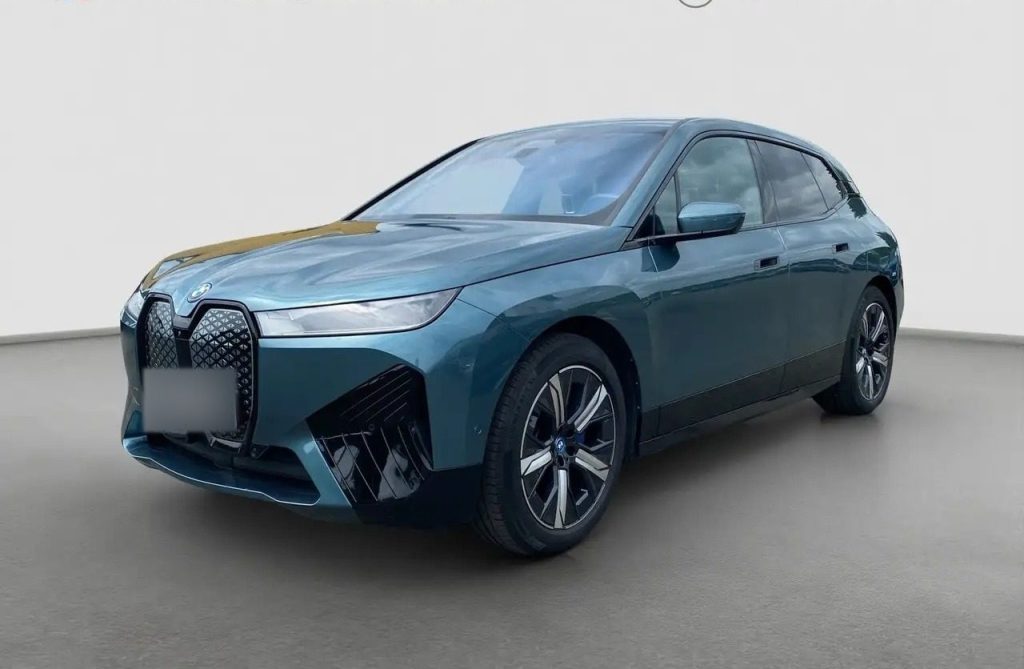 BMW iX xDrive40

---

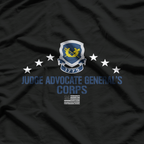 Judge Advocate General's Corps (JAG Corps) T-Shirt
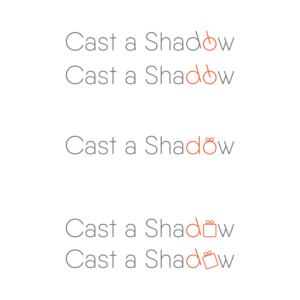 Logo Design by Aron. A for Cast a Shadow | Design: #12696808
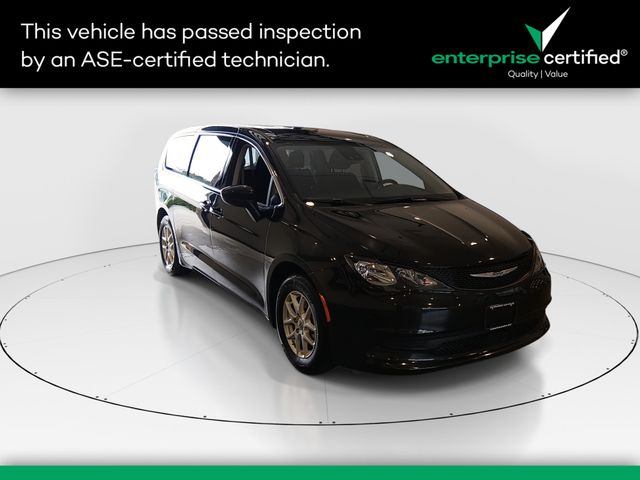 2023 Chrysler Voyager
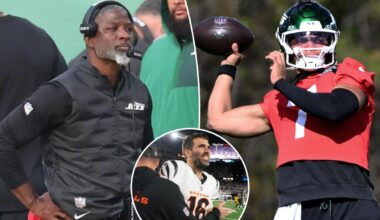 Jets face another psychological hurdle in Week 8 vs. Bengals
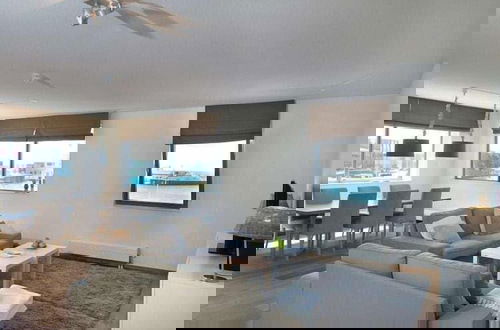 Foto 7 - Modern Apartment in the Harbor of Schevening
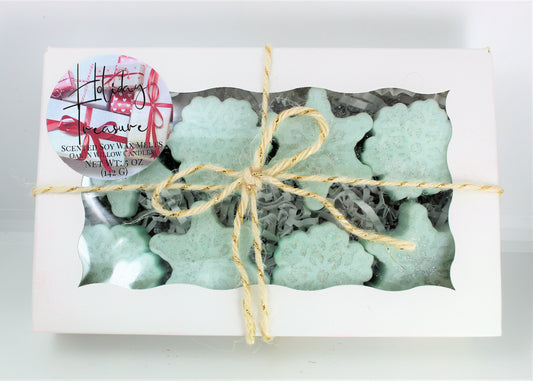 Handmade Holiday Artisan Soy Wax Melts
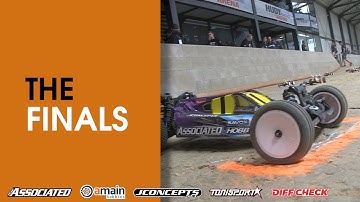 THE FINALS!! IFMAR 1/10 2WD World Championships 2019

#### [Your objective]
Would you set down only the lines above from the line with "Logo Design by" to the line with "THE FINALS!! IFMAR", both included, exactly as they stand and without the pictures?

#### [Answer to the problem]
 Logo Design by Aron. A for Cast a Shadow | Design: #12696808
 2023 Chrysler Voyager
 Jets face another psychological hurdle in Week 8 vs. Bengals
 Foto 7 - Modern Apartment in the Harbor of Schevening
 Handmade Holiday Artisan Soy Wax Melts
 THE FINALS!! IFMAR 1/10 2WD World Championships 2019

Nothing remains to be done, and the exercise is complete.